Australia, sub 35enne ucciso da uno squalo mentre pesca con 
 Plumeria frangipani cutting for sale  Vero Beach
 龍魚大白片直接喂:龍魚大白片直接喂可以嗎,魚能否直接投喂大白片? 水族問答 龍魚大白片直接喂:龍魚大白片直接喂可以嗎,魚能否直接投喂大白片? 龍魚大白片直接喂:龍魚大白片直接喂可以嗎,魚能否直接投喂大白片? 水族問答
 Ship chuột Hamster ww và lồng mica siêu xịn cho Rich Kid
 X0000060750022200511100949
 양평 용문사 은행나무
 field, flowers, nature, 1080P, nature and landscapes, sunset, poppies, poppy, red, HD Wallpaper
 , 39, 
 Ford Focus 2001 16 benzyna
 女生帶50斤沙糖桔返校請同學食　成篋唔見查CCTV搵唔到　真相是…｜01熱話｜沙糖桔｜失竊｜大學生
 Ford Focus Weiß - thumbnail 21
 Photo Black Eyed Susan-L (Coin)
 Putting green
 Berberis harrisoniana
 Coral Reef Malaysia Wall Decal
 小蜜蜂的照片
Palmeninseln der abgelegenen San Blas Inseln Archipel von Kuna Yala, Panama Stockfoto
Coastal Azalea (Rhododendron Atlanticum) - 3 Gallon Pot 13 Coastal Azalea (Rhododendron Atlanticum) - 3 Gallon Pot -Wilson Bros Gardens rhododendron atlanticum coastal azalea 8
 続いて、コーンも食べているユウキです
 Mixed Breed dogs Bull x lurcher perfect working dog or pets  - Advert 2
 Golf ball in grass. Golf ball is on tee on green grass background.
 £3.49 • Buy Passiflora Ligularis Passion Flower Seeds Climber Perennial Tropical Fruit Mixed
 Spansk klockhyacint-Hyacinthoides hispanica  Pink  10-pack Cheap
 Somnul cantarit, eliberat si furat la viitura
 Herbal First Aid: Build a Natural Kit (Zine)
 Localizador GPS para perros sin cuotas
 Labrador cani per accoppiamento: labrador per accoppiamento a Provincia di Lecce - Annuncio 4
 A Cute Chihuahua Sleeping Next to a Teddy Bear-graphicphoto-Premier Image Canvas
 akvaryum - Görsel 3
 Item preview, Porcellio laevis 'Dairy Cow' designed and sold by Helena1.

○ ○ ○ ○ ○ ○ ○

§ What the task requires
Go through the lines of the material, counting those with the word "Mixed"; afterward give only the total.

§ Worked solution
2